* **Data shown**
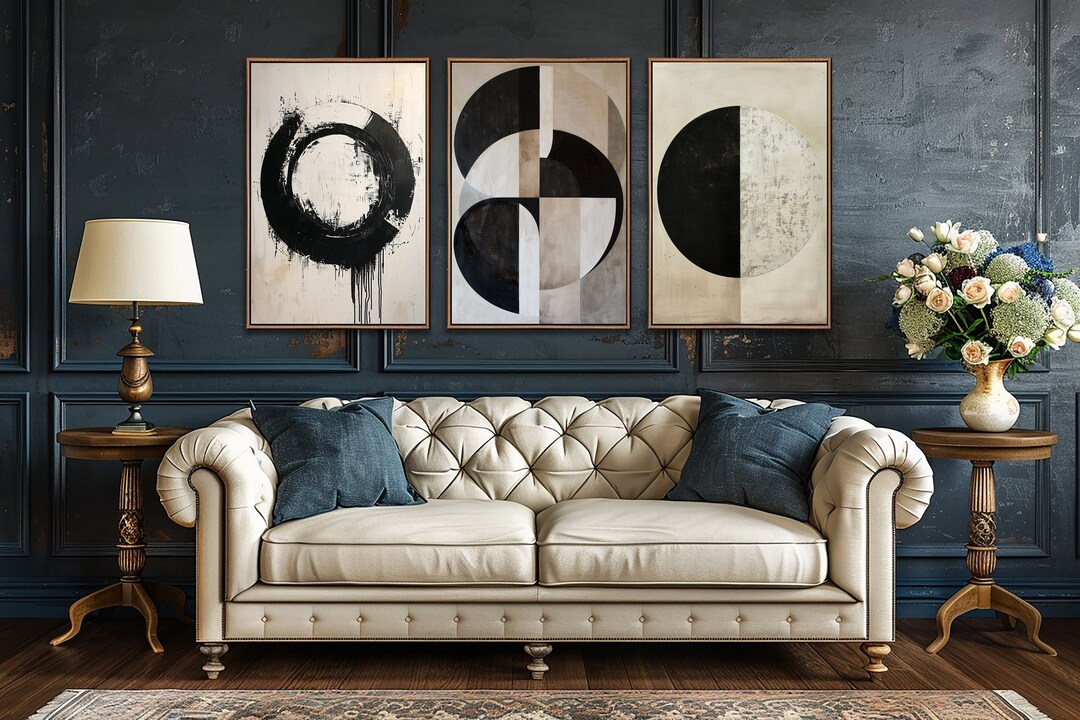 Abstract Wall Art, Modern Living Room Sign, Abstract Circle Canvas Art ...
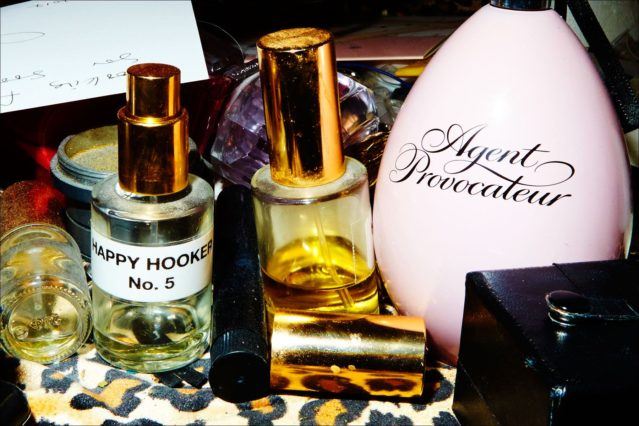 Perfume bottles owned by model Amanda Lepore. Photographed at her home in New York City by Alexander Thompson for Ponyboy magazine.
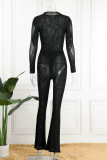Black Sexy Solid Hollowed Out Patchwork See-through O Neck Long Sleeve Two Pieces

* **Aim of the exercise**
Exactly as written, restate the lines from the one that contains "Perfume bottles owned" through the final line of the data, both ends included, but leave out the pictures.

* **Task answer**
 Perfume bottles owned by model Amanda Lepore. Photographed at her home in New York City by Alexander Thompson for Ponyboy magazine.
Black Sexy Solid Hollowed Out Patchwork See-through O Neck Long Sleeve Two Pieces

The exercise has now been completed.